Posted on February 16, 2013

Do you know who I am? I’m alive you understand, the life, the life, the life…Are you prepared for the atom bomb, are you prepared for my aching arms? Are you prepared, are you prepared? Are you prepared for serenity, are you prepared to disagree? Are you prepared, are you prepared for me — The Bird and the Bee’s “Preparedness”
We were a family of lottery players. We sharpened our pencils, selected numbers at random, and stood on a line that snaked the length of a city block, because we believed that all we needed was a dollar and a dream. Come nightfall we’d sit on the stoop, still wet from the johnny pump and the spray of Colt 45 that matted our hair to the backs of our necks, listening to the elders trade stories of what they’d do if they hit it big. Sadie said she was going to buy me a house where all the white people lived. Promising us that she’d stand on her lawn, defiant, knowing that they couldn’t get rid of me, even if they tried. Some mused about giant boats settling sail in a blue ocean. No one had ever seen waves swell, seen the beauty of them rise up and warble like a long note held. No one bore witness to the descent, to the waves crashing onto the shoreline. Back then the only water we’d seen poured out of spigots and sprayed out of pumps on the street.
Others hatched plans about taking a trip around the world although they secretly knew that the whole of their world would always be Brooklyn. Their prison was a ten-block radius, yet once a week they’d shuffle to the market with their dollar in tow, plotting escape.
Back then we were naive to believe that money bought you freedom. Back then we wanted the life we saw on our black and white television sets; we raged war with the wire rabbit ears to bring this life into focus. Back then we wanted the giant.
Recently, someone upbraided me for my decision to abandon a comfortable life. Think of all the money. Think about what you’re walking away from, she warned. Shaking my head I sighed and said that what I was running toward was infinitely richer. It was the ticking that was the bomb. Granted, I’m being smart about things. I’m squirreling away as much money as I can. I’m buying only what I need. I’m ridding myself of the unnecessary, the things that only bring me anxiety rather than sustenance. I’m making my preparations for the day when I’ll walk away from security to something other. And I’d be remiss if I didn’t worry about it, fret over my decision, a little. I’m pragmatic, cautious, but then I recall a conversation I had with my friend Kate a few years back. I considered renting a more expensive apartment than the one in which I’d lived, but worried that I wouldn’t have the money to pay for it in the long run. Kate told me that I should always bet on myself. I was my biggest investment and that I should nurture myself. The rent line would be stable and my potential could only grow — all things being equal, of course.

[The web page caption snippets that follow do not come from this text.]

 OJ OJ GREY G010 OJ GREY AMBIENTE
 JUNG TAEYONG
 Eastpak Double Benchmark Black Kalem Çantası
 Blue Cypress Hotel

Ever since then I try to remind myself to bet on myself. To believe in myself. To know that I am the ticking that is the bomb. To know that money is actually the prison, not the thing that sets you free. To believe that I can break from third person and rush to first. That I can be the giant.
All this while having lunch at Campo de Fiori.

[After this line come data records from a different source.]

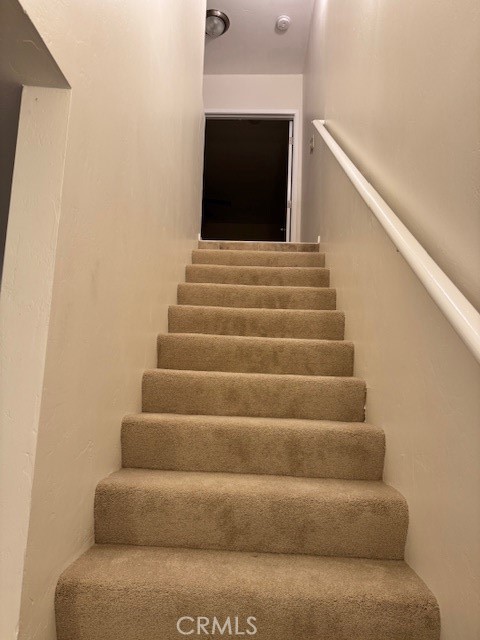 Detail Gallery Image 12 of 16 For 1069 Donahue St, San Diego,  CA 92110 - 2 Beds | 2/1 Baths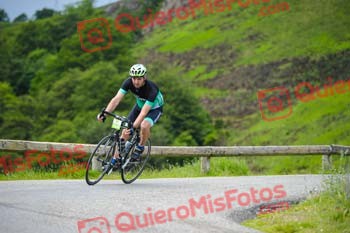 GONZALO MAYO MARTIN Irati Xtrem 2023 09704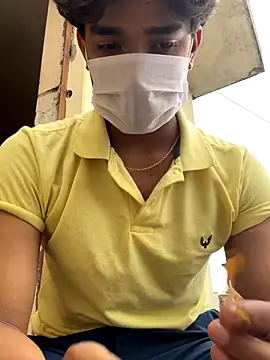 sonalsanskar online show from November 1, 9:57 am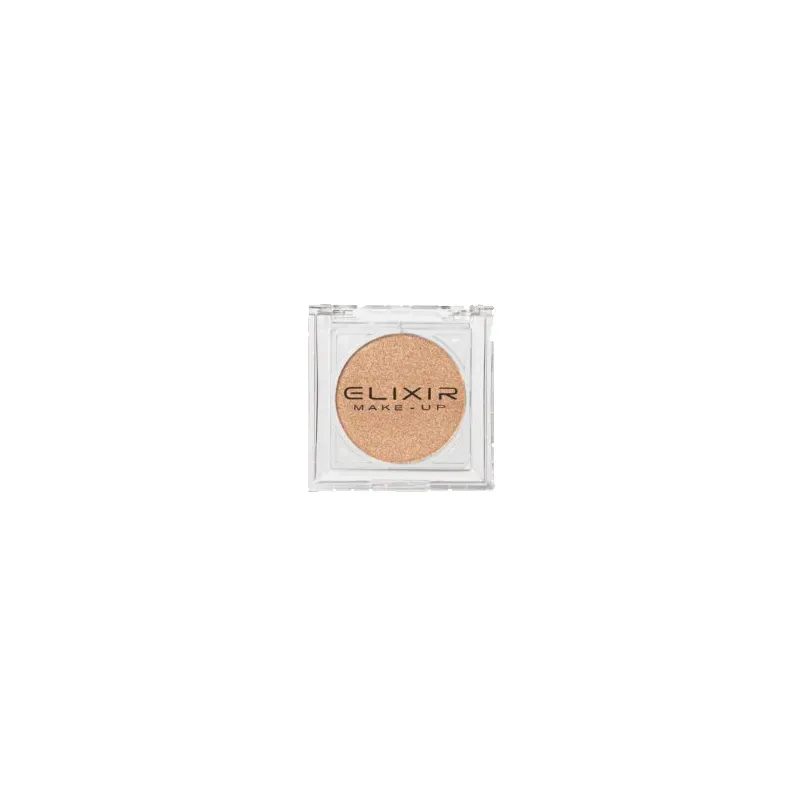 ELIXIR Single Eyeshadow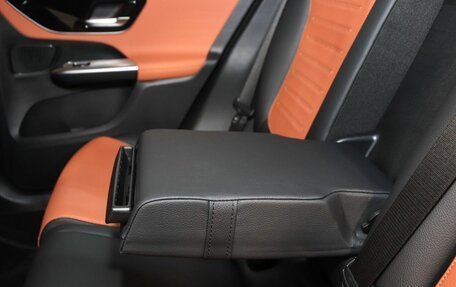 Mercedes-Benz GLC Coupe, 2025 год, 8 100 000 рублей, 22 фотография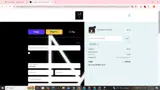 gift21 coupon verification screenshot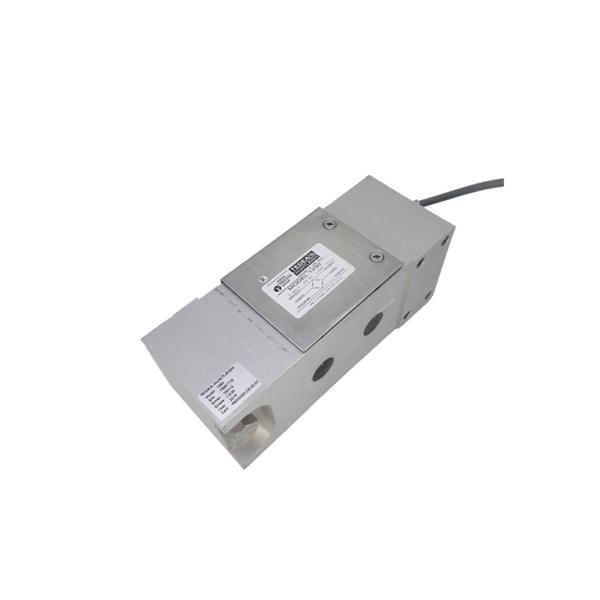 1250TEDEA 1200kg 10V DC/AC Load Cell With Digital Display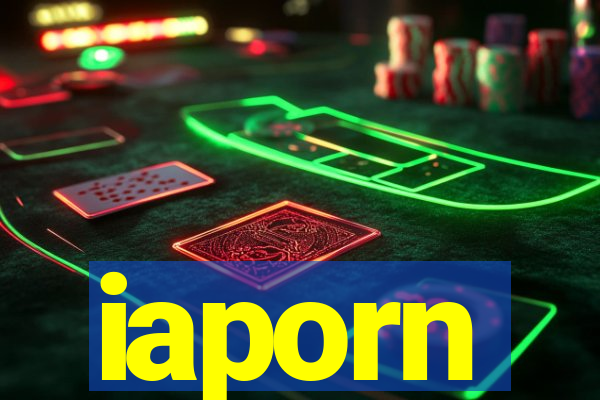 iaporn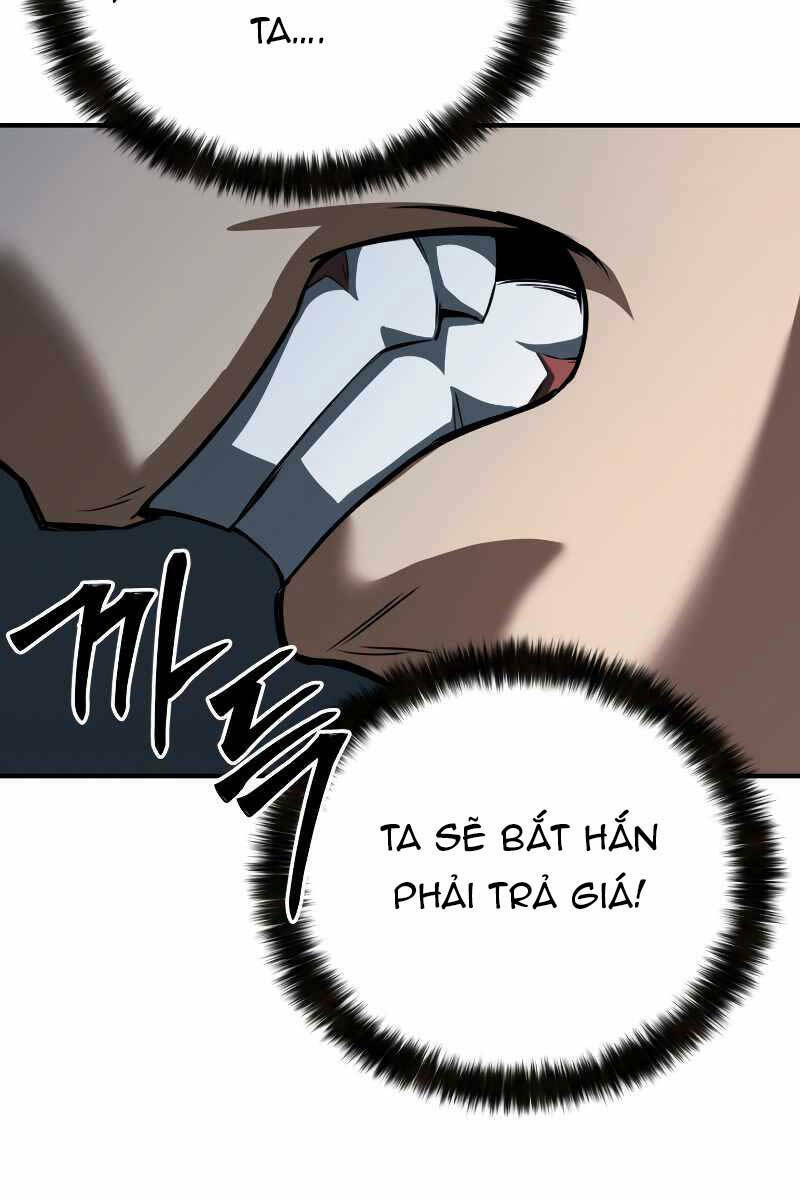 tử linh sư mạnh nhất chương 24 - Next chapter 25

Posted on February 10, 2013

love: Alexander Stille’s take on memoir writing: After all, in writing about my parents, wasn’t I something of a body snatcher? | The world through a child’s eyes: Bianca Giaever asked a six year old friend what her movie should be about, and this is the result | Alice Munro’s heartbreaking, soulful story collection, Dear Life | The glee I feel embarking on a book-buying blitzkrieg: Lawrence Wright’s exhaustively researched book on Scientology, Going Clear (read his New Yorker article, which was the impetus for the book), Matthew Sharpe’s You Were Wrong, because Matthew is our new Don DeLillo, and Ali Smith’s There but for the, because her writing is surprising and always puts me on pause.
life: my extraordinary life change | Discovering Frankie Thompson’s blog, an ex-Londoner who decided to leave it all and travel the world | Design Sponge’s really smart round-up on social media etiquette, do’s + don’ts.
eat: chocolate profiteroles with passion fruit | brown butter rosemary sage cornbread | white chocolate coconut banana s’mores
Posted on January 26, 2013

They carried all they could bear, and then some, including a silent awe for the terrible power of the things they carried. And in the end, of course, a true war story is never about war. It’s about sunlight. It’s about the special way that dawn spreads out on a river when you know you must cross the river and march into the mountains and do things you are afraid to do. It’s about love and memory. It’s about sorrow. It’s about sisters who never write back and people who never listen. ― Tim O’Brien
In the summer we’d race up the stairs, taking them two by two. Back then we were fearless; we never held on to the railing and our feet rarely touched the ground. They called us sisters, told me always that I was a photocopy of you — down to the bone-white skin and the thicket that was your hair. When we cried, which was never, our lips paled down to blue. When we shouted, which was often, our face was flush and hot. I wrote my first poem, a haiku, when I was seven, and in it I likened your voice to thunder. Women on the verge, we colored outside the lines, ripped up the book and made new ones. We were of the difficult variety, our stock and trade were words and how we could use them. Who needed a scalpel? Give us a book and we’d carve out your still-beating heart. Deliver us a pencil and we’d burn your house to the ground. You spoke, I wrote, we ruined.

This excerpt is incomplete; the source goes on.